Even if the weighting were at 10%, there would have been an increase in the standard deviation of the portfolio. Hence, a moderate amount will also positively impact the portfolio.

You can see the portfolio perspective if you find all these graphs and the growth process as a complication. The perspective highlights that you should know are related to a simple idea. This kind of cryptocurrency has emerged as an asset in its initial phase, which would allow a portfolio drift. Also, you should see the Sharpe ratio. It refers to the ratio of the investment portfolio and highlights the good and bad returns. The good and bad returns are based on the investor’s risk while investing the money. If this ratio is above 1, the impact is positive. Anything less than 1 will negatively impact the portfolio.

Bitcoin’s Role In Portfolio Diversification

The availability of various forms of investments helps investors get an edge and highlights the role of diversifications and their impact on the portfolio in a commendable manner.

If the idea revolves around bitcoin, let’s move back to December 2017.

The prices were witnessing a dramatic fall. Even if it were added to an amazing portfolio, the returns would be subject to reduction. However, portfolio diversities such as gold and other commodities were helpful and shaped the Sharpe ratio for good.

The peak time of December 2017 showed that the returns related to bitcoin investments stood at 46%.

Hence, the speculations rise now and then, and facts unfold with each passing day. The characters of this kind of currency highlight two factors that are mentioned as follows:

  • It works as an excellent source that workers as a driver for various potential returns in due course of time.
  • It works as an excellent source to diversify the portfolio of the investor.
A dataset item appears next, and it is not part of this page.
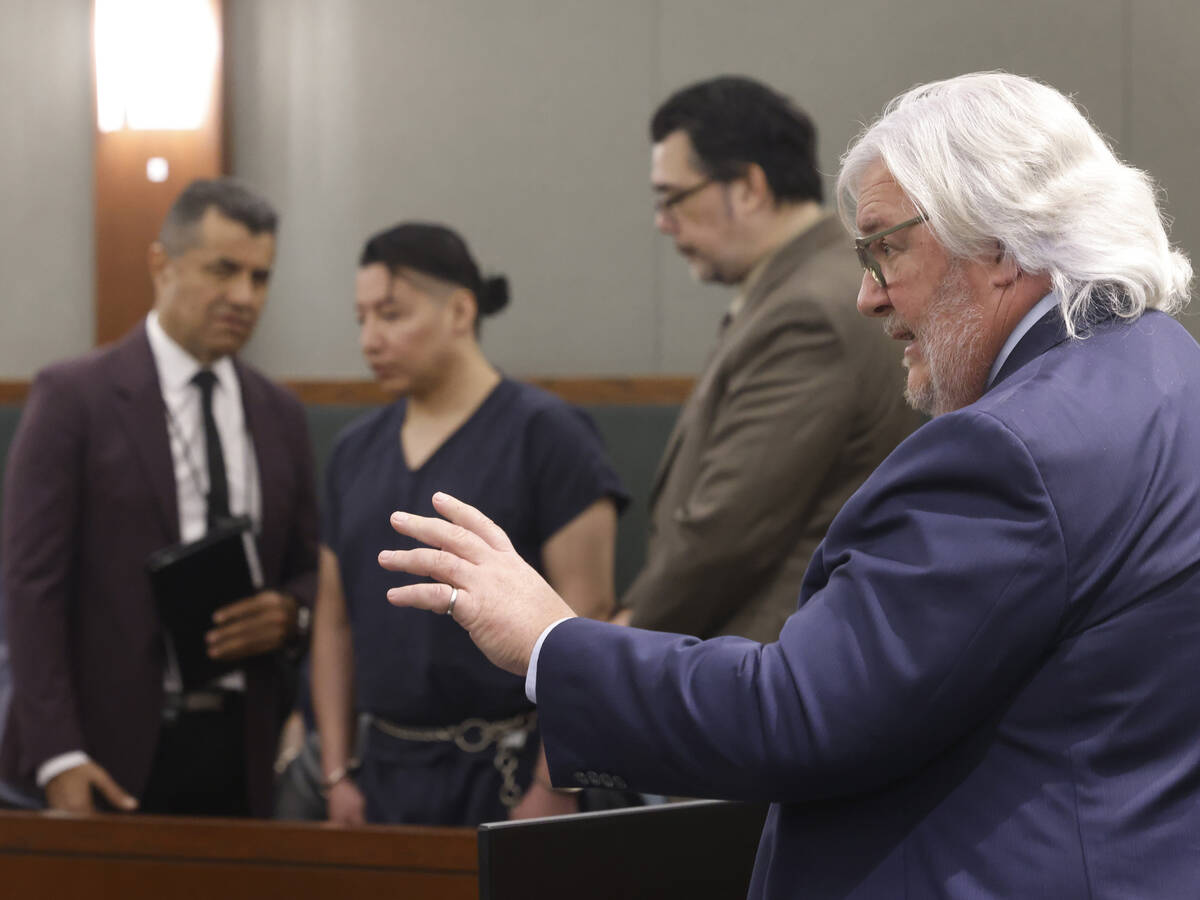 Scott Coffee, right, a public defender, representing Yoni Barrios, second left, addresses the c ...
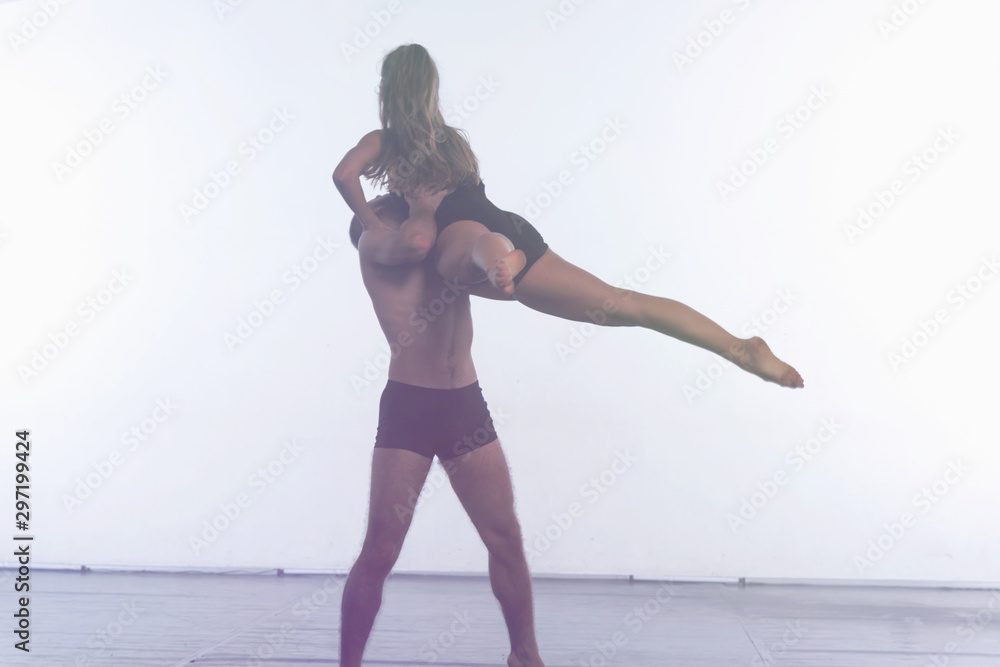Two Young modern dancers dancing in the studio. Sport, dancing and urban culture concept. Group of young dancers performing on the stage. Effective performance. full of energe dancers. Two Young modern dancers dancing in the studio. Sport, dancing and urban culture concept. Group of young dancers performing on the stage. Effective performance. full of energe dancers.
It will act as a reliable source for the expansion of the portfolio in the future, as well.

Hence, these factors highlight that this source of investment is emerging as the best suited source for filling the gap between the different kinds of available diversities. It is the need of the hour. Hence, both the investors facing different kinds of troubles, issues, and changing scenarios, followed by the allocators of diversed and varied portfolios, experience positives. Also, it helps reduce the straight exposure to the economic cycles. These cycles are important in making investment decisions and expanding the available investment options to global investors.


Conventional wisdom related to the emergence and popularity of cryptocurrencies, especially bitcoin, suggests that the returns have been nothing less than a fortune for some. But the substantial risk has been on the rise too. However, the silver lining is that it has emerged as an alternative form of asset or investment that helps to reduce the ever-rising pressure and exposure on the market.